To show support for the clinics, TA Khwethemule using his resources ferried some patients to the hospital for surgery.
The journalists were taken around and sat through some of the operations where one operation took only six minutes to finalize.
Vice Coordinator of the Restore Sight Makwasa Campaign Ben Taulo said when Mvona hatched the idea, the ‘sons and daughters’ of Makwasa saw it fit to help out.
“We did not go to any organisation to ask for funds. We contributed on our own to help our people here in Makwasa and we are happy that the clinics have managed to help 164 people who lost their sight,” Taulo said.
He said the group has almost 75 members some of whom are in the Diaspora.

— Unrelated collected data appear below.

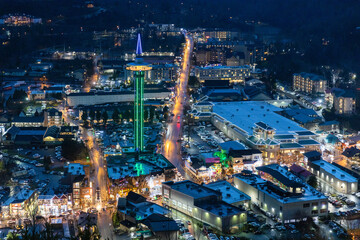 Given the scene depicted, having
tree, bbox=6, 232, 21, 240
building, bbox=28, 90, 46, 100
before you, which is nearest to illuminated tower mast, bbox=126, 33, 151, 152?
tree, bbox=6, 232, 21, 240

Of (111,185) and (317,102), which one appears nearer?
(111,185)

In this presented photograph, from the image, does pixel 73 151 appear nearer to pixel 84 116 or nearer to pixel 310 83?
pixel 84 116

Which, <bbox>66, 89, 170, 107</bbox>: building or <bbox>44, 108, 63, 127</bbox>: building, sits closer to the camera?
<bbox>44, 108, 63, 127</bbox>: building

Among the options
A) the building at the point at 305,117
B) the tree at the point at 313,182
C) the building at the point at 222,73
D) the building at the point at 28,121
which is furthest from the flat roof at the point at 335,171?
the building at the point at 222,73

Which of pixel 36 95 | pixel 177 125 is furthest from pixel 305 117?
pixel 36 95

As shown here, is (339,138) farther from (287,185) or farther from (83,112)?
(83,112)

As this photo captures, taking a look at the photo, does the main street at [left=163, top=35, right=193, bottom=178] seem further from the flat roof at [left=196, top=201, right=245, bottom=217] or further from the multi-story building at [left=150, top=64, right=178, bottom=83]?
the flat roof at [left=196, top=201, right=245, bottom=217]

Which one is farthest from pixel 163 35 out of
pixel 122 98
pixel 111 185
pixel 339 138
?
pixel 111 185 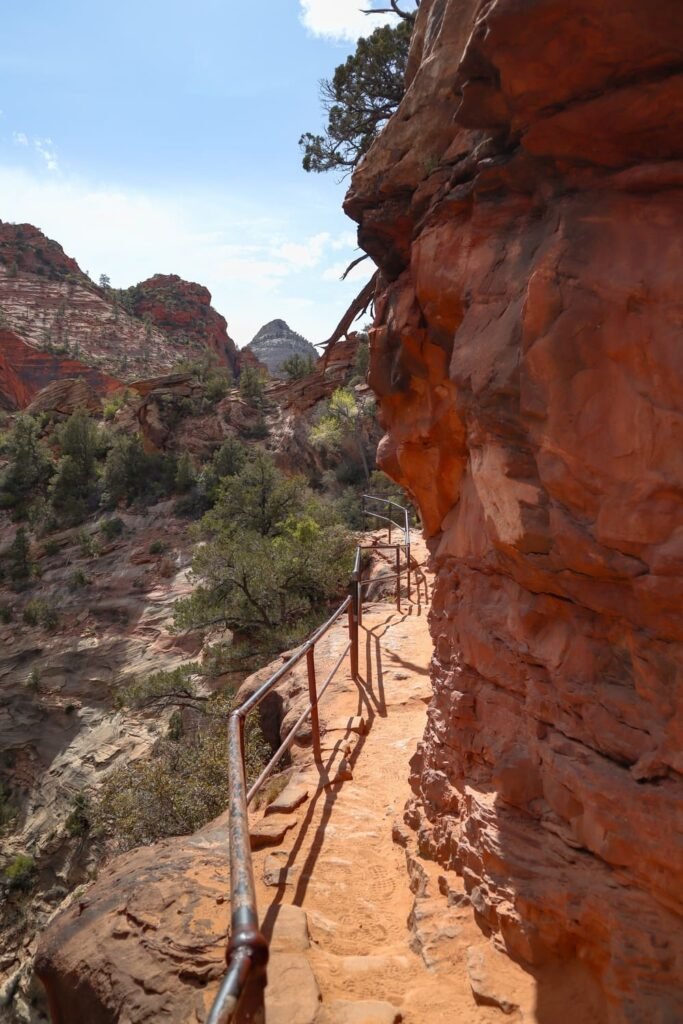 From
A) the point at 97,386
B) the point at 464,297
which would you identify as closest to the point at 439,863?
the point at 464,297

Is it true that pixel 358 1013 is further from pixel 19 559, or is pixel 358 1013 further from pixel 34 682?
pixel 19 559

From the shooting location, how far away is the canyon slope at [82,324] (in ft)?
160

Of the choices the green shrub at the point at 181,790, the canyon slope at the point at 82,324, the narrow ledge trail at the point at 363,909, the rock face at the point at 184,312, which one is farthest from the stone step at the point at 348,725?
the rock face at the point at 184,312

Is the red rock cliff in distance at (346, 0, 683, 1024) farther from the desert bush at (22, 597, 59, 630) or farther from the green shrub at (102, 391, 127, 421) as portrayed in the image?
the green shrub at (102, 391, 127, 421)

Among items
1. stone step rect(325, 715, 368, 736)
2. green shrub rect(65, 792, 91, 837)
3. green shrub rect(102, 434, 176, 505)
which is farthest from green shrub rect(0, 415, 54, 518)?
stone step rect(325, 715, 368, 736)

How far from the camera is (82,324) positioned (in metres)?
57.1

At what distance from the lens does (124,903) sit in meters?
3.20

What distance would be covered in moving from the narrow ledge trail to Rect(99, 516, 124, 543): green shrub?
19.1 m

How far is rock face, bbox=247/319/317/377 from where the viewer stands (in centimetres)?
8288

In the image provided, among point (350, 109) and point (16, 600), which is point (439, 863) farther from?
point (16, 600)

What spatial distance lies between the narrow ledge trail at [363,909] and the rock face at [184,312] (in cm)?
5986

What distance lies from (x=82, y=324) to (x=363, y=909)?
61.4 metres

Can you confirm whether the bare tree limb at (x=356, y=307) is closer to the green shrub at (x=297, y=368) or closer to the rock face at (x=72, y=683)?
the rock face at (x=72, y=683)

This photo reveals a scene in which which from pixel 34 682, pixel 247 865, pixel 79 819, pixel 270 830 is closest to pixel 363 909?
pixel 270 830
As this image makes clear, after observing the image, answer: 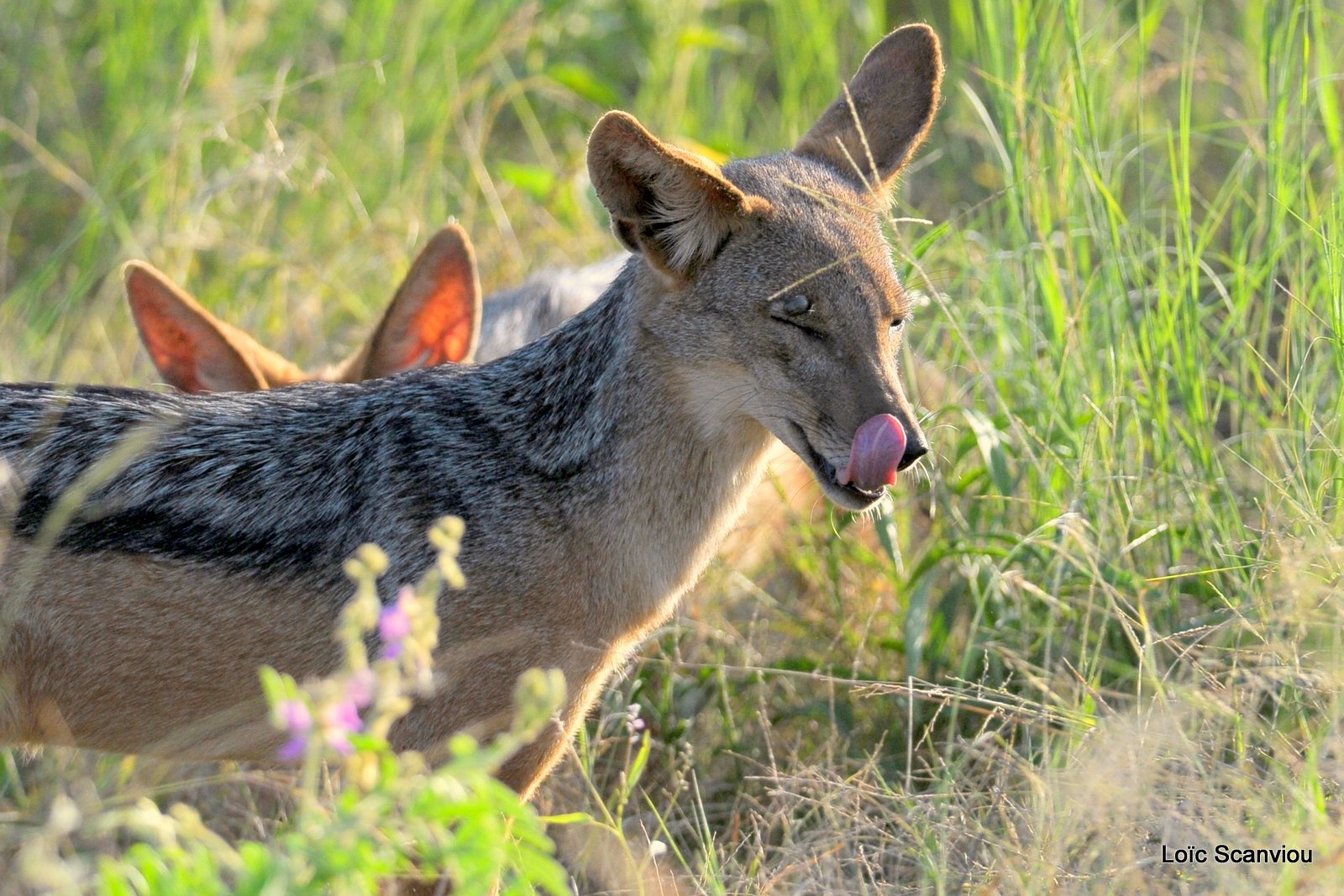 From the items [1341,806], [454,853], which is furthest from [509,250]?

There were 936 patients that were seen and treated, 377 of whom were males, 559 females and 106 children. A total of 164 patients were operated on with 152 major operations and 12 minor operations, according to Taulo.
Taulo thanked Malamulo Mission Hospital for providing space for the operations at a small fee and also Thyolo District Hospital for providing an ambulance which they were using to ferry the patients from the surrounding villages for the operations.
“We would also like to thank Nkhoma Mission Hospital for releasing their staff members to conduct these clinics here. We have spent about K5 million on the clinics and we have been energised and we hope to do more of these because there are many people who need these operations,” Taulo said.
Indeed, Taulo and friends from the area had given the beneficiaries not just new energy but also renewed faith in God.
“I am happy that I have my sight restored. I will go to church tomorrow to praise God because for the past two years since I lost my sight, I could not go to church but now I am happy that I can now see,” Mota, a Seventh Day Adventist member, said.
“I was frustrated and lost hope until I heard about these people who are restoring sight and I could not wait for this opportunity,” explained Mota.
Mota’s relief was shared by his family.
One of his children who was taking care of him when he was blind, Francis Liwa, said it was a challenge to look after an old man who had sight and unexpectedly lost it.
“We had problems, you can imagine when he wanted to relieve himself, we are his children and we had to help him, we had no choice. But we are happy that we are all going back to our normal lives now,” Liwa said.